C'est ce qu'on retiendra de la surprenante rubrique "Coup de fil piège à..." de Bernard Dolet du quotidien L'Equipe, dont Bruno Bini était la cible, dans l'édition du lundi 15 août 2011.
Depuis 2007, Bruno Bini est l'homme de la situation. Après avoir mené les filles -16 et -19 puis avoir signé un coup d'essai prometteur avec les "grandes" en 2009 (première qualification des Bleues pour une phase finale d'une compétition internationale, sortant des poules à l'Euro et battues seulement aux tirs au but), il a connu le grand frisson cet été avec les Soubeyrand, Bompastor, Viguier Nécib et autres Thiney : une quatrième place à la Coupe du Monde 2011, belle aventure synonyme de qualification pour les Jeux Olympiques de Londres en 2012.
"J'ai déposé seize chansons. La chanson, ça m'oxygène."
Si la vibrante épopée a permis de braquer un peu plus les projecteurs sur un foot féminin en plein essor, il n'a pas tout changé. A commencer par le style Bini, fait de caractère et d'humilité. "Ma petite personne, vous savez... Je ne suis pas Domenech", lâche-t-il notamment à son farceur, qui veut lui faire croire qu'il compose une chanson à la gloire de ces Bleues de l'ère Bini. Vous imaginez bien que Bruno Bini, 56 ans, a été un peu décontenancé quand un coco se présentant comme un auteur de chansons du nom de Patrick Serras l'a appelé pour l'informer qu'il avait composé un tube à sortir avant que "le soufflé des femmes du foot retombe" : "Mais il n'y a pas de raison ! La fédé va faire un gros effort pour elles, et Direct 8 retransmettra leurs matches", commence par répondre l'entraîneur.
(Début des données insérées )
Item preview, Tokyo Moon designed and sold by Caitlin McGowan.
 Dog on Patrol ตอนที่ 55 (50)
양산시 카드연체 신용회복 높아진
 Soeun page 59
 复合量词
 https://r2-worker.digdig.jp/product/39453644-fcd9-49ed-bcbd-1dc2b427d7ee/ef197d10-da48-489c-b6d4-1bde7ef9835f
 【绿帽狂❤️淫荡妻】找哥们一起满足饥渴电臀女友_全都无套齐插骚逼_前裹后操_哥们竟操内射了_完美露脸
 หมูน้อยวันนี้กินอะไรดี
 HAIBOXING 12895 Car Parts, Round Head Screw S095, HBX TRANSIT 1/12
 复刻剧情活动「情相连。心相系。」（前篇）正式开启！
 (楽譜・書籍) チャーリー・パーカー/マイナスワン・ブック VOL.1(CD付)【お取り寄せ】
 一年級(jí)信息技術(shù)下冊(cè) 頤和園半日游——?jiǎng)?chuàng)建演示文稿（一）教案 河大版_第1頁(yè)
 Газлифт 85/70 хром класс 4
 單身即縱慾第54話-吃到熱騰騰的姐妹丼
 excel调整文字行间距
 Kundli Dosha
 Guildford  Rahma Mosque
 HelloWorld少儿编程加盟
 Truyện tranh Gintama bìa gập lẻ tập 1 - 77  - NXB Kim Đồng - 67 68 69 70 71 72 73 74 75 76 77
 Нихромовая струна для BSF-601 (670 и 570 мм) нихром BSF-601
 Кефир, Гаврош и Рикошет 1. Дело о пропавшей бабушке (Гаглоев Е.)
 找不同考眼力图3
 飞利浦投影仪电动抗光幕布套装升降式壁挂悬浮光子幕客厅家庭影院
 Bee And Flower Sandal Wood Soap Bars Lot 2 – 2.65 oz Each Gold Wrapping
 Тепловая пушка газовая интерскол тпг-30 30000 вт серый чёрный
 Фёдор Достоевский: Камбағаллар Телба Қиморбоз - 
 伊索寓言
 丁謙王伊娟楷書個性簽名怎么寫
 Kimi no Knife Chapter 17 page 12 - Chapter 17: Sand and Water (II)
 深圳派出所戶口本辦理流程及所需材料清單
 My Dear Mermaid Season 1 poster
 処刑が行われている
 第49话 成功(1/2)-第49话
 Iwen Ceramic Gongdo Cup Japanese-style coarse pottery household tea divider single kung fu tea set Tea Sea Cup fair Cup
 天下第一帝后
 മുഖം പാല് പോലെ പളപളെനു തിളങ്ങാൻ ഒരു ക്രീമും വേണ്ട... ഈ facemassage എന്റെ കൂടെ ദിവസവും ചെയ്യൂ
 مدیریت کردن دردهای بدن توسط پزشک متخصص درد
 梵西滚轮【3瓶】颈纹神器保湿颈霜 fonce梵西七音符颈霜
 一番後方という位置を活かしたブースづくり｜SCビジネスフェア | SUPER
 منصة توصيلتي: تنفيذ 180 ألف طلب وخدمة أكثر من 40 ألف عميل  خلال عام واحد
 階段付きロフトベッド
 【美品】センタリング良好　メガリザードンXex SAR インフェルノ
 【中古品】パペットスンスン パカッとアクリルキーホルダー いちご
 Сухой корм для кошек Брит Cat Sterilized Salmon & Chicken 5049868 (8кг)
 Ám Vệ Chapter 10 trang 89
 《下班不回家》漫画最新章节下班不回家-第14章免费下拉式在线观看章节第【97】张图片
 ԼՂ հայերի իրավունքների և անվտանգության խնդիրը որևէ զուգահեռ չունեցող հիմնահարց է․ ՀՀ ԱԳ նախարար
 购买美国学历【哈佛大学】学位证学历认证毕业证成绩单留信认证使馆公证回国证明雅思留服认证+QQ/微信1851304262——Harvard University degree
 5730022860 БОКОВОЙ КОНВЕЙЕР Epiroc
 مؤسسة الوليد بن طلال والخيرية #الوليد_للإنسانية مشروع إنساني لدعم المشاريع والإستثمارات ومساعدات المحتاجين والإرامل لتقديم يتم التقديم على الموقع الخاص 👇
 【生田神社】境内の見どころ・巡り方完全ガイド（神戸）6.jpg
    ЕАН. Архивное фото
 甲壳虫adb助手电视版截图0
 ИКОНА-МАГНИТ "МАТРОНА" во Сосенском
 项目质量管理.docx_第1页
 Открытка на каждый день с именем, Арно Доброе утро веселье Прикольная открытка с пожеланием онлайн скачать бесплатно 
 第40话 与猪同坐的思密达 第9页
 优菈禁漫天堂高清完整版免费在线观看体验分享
Avant d'enchaîner, étonnant : "Bon, maintenant, sachez que j'ai une carte d'auteur à la SACEM où j'ai déposé seize chansons, mon ami CTR de Corse ayant signé les mélodies. La chanson, ça m'oxygène."
Initiales B.B.
Ah, ah ! Il y a peut-être moyen pour ledit Patrick Serras de parler business, alors ?! L'auteur du canular s'engouffre dans la brèche, brandissant "l'idée d'un pot-pourri qui reprendrait d'anciens tubes et votre nom" avant de citer la Bardot de Gainsbourg, Initiales B.B.. Comme Bruno Bini, mais aussi : "C'est drôle parce que ma femme s'appelle Brigitte et ma fille Bérengère. Si j'avais eu un fils, il se serait prénommé Bastien. On ne serait pas sorti de nos initiales à nous", réagit le coach.
En hardi, Patrick Serras, suggère un Dutronc revisité, "J'aime les filles... en Bini-jupe". "Continuez", rebondit l'interlocuteur. Puis face à au projet d'un clip en mini-jupe sur une Harley ou en bikini pour un Itsi Bitsi petit Bini-bikini à la Dalida, l'entraîneur envoie vers la FFF et le service marketing : "Je ne suis pas sûr que ça intéresserait les gens (...) L'argent n'est pas mon moteur." Et de brandir le principe de "projet de vie" qu'il défend toujours avec ferveur et auquel ses protégées doivent adhérer pour créer un groupe soudé - "Bien vivre ensemble pour bien jouer ensemble".
A la fin, quand la supercherie est avouée par Bernard Dolet, Bruno Bini, encore un peu méfiant, reste terre à terre : "Ah ! Bon." Mais l'idée germera peut-être dans la tête de celui qui a, dans ses rituels incontournables avec ses Bleues, une fameuse "chanson du coach" qu'il interprète en leur tournant le dos - pour ne pas les empêcher de chanter avec lui.
Un fou chantant, un homme heureux
Avec une méthode désormais en partie révélée qui mêle à une grosse rigueur tactique et une grosse exigence morale bien des bons mots ainsi que des références littéraires, cinématographique ou encore musicales, Bruno Bini, atypique et dévoué, cultive son jardin. Et ses filles mettent en avant sa "joie de vivre" ; Marilou Duringer, chef de la délégation des Bleues, insiste quant à elle : " Plus de 50 % de la force de ce groupe, c'est l'union collective et l'ambiance qu'il a créées." Et lui tempère : "Je suis un technicien. Je ne fais pas que faire tourner les oranges (il n'est pas qu'un amuseur). Disons que je suis un technicien avec une prise en charge différente."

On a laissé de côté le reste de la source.